▸ **Data extract**
____________

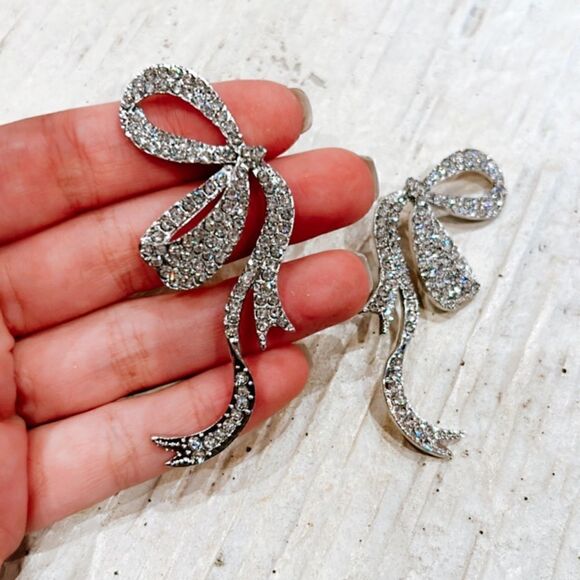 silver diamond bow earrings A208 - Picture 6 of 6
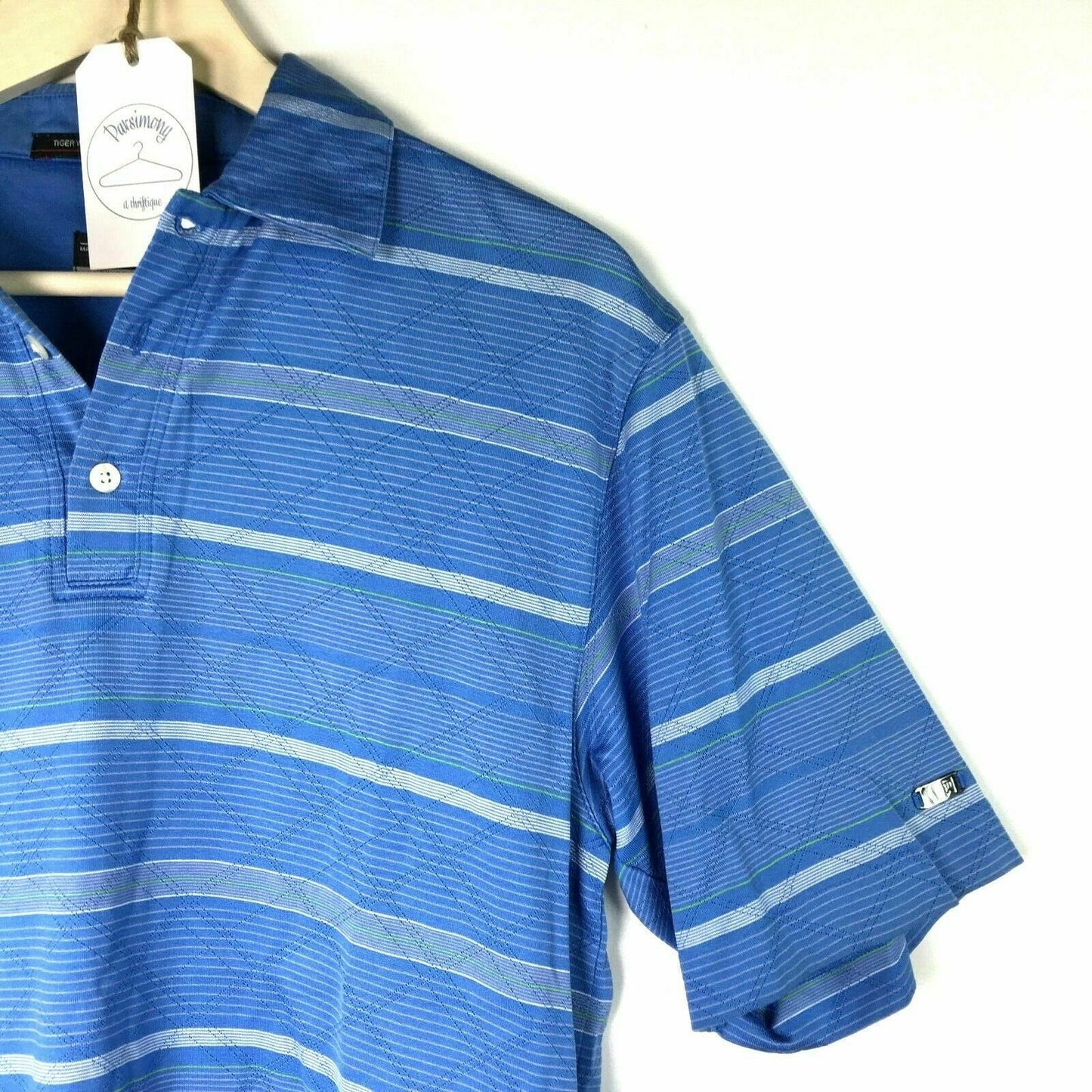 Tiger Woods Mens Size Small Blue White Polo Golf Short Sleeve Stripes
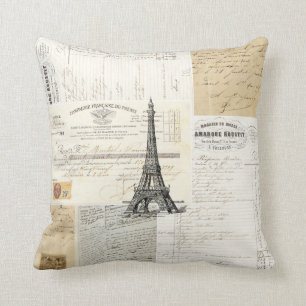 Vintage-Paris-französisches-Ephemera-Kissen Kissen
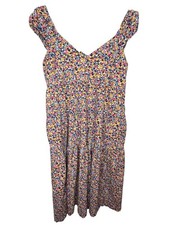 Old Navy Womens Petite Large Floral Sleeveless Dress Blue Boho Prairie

____________

Output the whole listing exactly. Pictures stay out.

 silver diamond bow earrings A208 - Picture 6 of 6
 Tiger Woods Mens Size Small Blue White Polo Golf Short Sleeve Stripes
 Vintage-Paris-französisches-Ephemera-Kissen Kissen
 Old Navy Womens Petite Large Floral Sleeveless Dress Blue Boho Prairie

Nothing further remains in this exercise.